Enlarging the Parameter Space of Heterotic M-Theory Flux Compactifications to Phenomenological Viability

TL;DR

This paper demonstrates that using the exact non-linear background in heterotic M-theory allows for phenomenologically viable flux compactifications with large parameters, aligning theoretical models with observed gravitational constants.

Contribution

It introduces the use of exact non-linear backgrounds in heterotic M-theory, enabling phenomenologically viable flux compactifications without the small parameter constraint.

Findings

Exact background solutions have vanishing tree-level cosmological constant.

The exact background corresponds to the 11d origin of 5d domain wall solutions.

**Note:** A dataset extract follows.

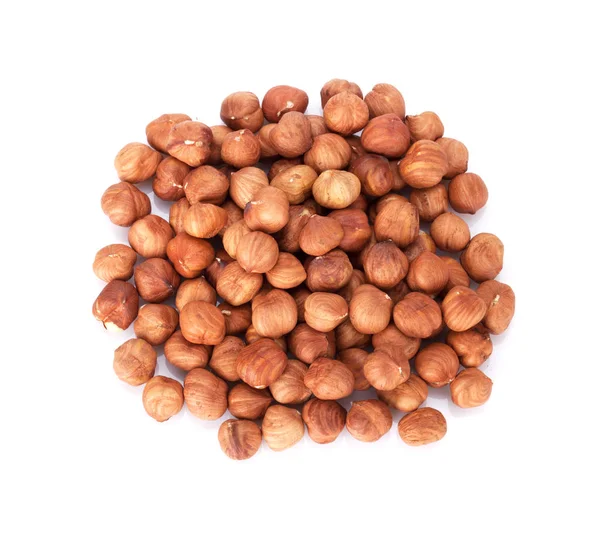 Macadamia Ořechy Izolované Bílém Pozadí Pohled Shora — Stock fotografie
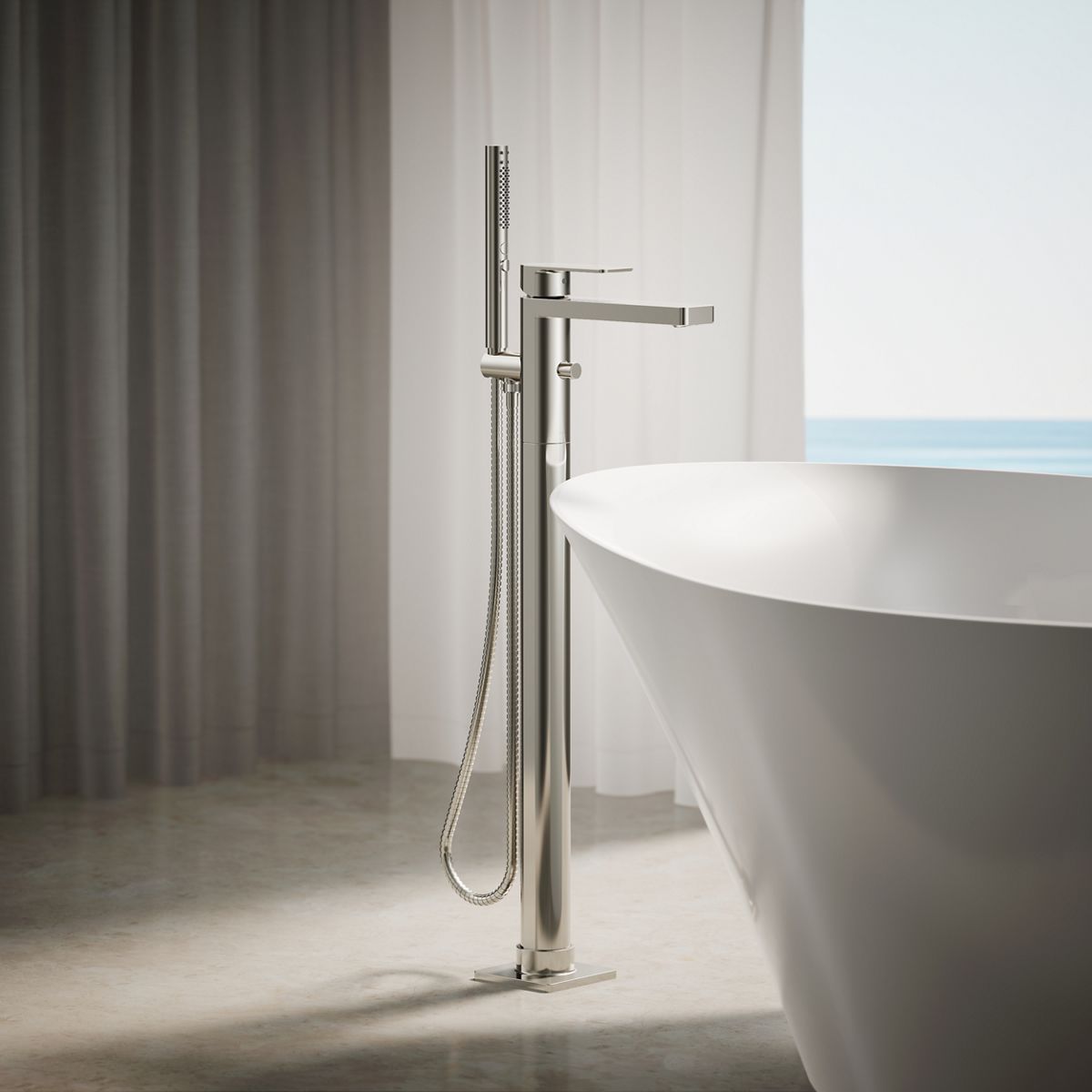 Parallel® Floor-mount bath filler trim with handshower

Corrected Newton's Constant aligns with observed values.

Abstract

Heterotic M-Theory is a promising candidate for that corner of M-theory which makes contact with the real world. However, while the theory requires one of its expansion parameters, $\epsilon$, to be perturbatively small, a successful phenomenology requires $\epsilon = {\cal O}(1)$. We show that the constraint to have small $\epsilon$ is actually unnecessary: instead of the original flux compactification background valid to linear order in $\epsilon$ one has to use its appropriate non-linear extension, the exact background solution. The exact background is determined by supersymmetry and consequently one expects the tree-level cosmological constant to vanish which we demonstrate in detail, thereby verifying once more the consistency of this background. Furthermore we show that the exact background represents precisely the 11d origin of the 5d domain wall solution which is an exact solution of the effective 5d heterotic M-theory. We also comment on singularities and the issue of chirality changing transitions in the exact background. The exact background is then applied to determine Newton's Constant for vacua with an M5 brane on the basis of a recent stabilization mechanism for the orbifold length. For vacua without M5 brane we obtain a correction to the lower bound on Newton's Constant which brings it in perfect agreement with the measured value.